- _WHAT IS NEEDED_
Once the line holding "Le bar du club" is found, output it and all remaining lines of the data exactly, with every picture left out.

- _COLLECTED DATA_
__________

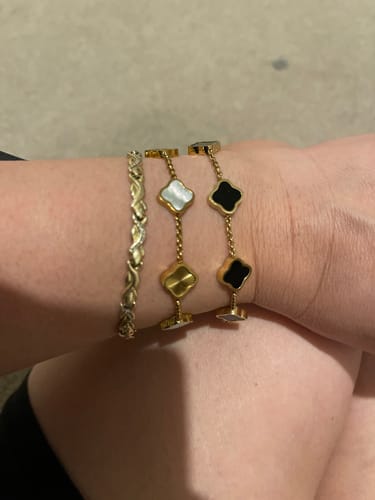 Customer's wrist showing two Celine Clover Bracelets, one with white mother of pearl and one with black enamel motifs.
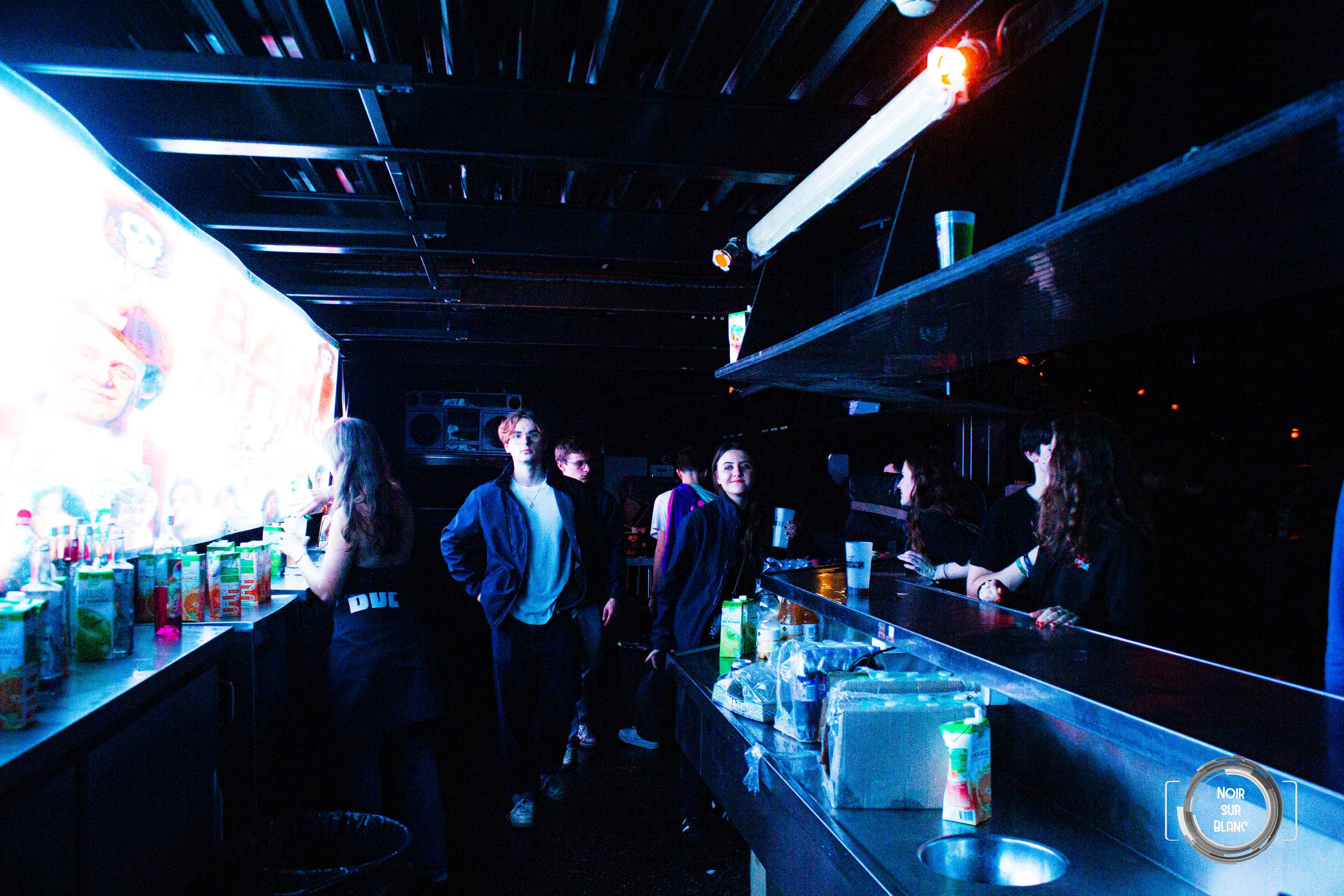 Le bar du club en enfilade sous une lumière bleue, bouteilles et bacs à glace alignés, quelques silhouettes au fond.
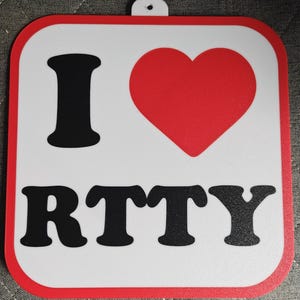 May include: Square white sign with a red border and a small hole at the top. The sign features a large red heart and the words "I RTTY" in black block letters.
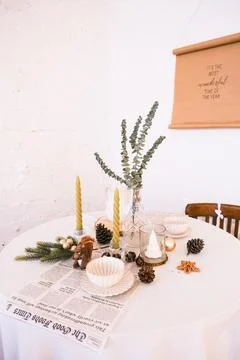 Festive Christmas table setting with eucalyptus, candles, and pinecones for Stock Photos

__________

- _RESPONSE TO THIS TASK_
 Le bar du club en enfilade sous une lumière bleue, bouteilles et bacs à glace alignés, quelques silhouettes au fond.
 May include: Square white sign with a red border and a small hole at the top. The sign features a large red heart and the words "I RTTY" in black block letters.
 Festive Christmas table setting with eucalyptus, candles, and pinecones for Stock Photos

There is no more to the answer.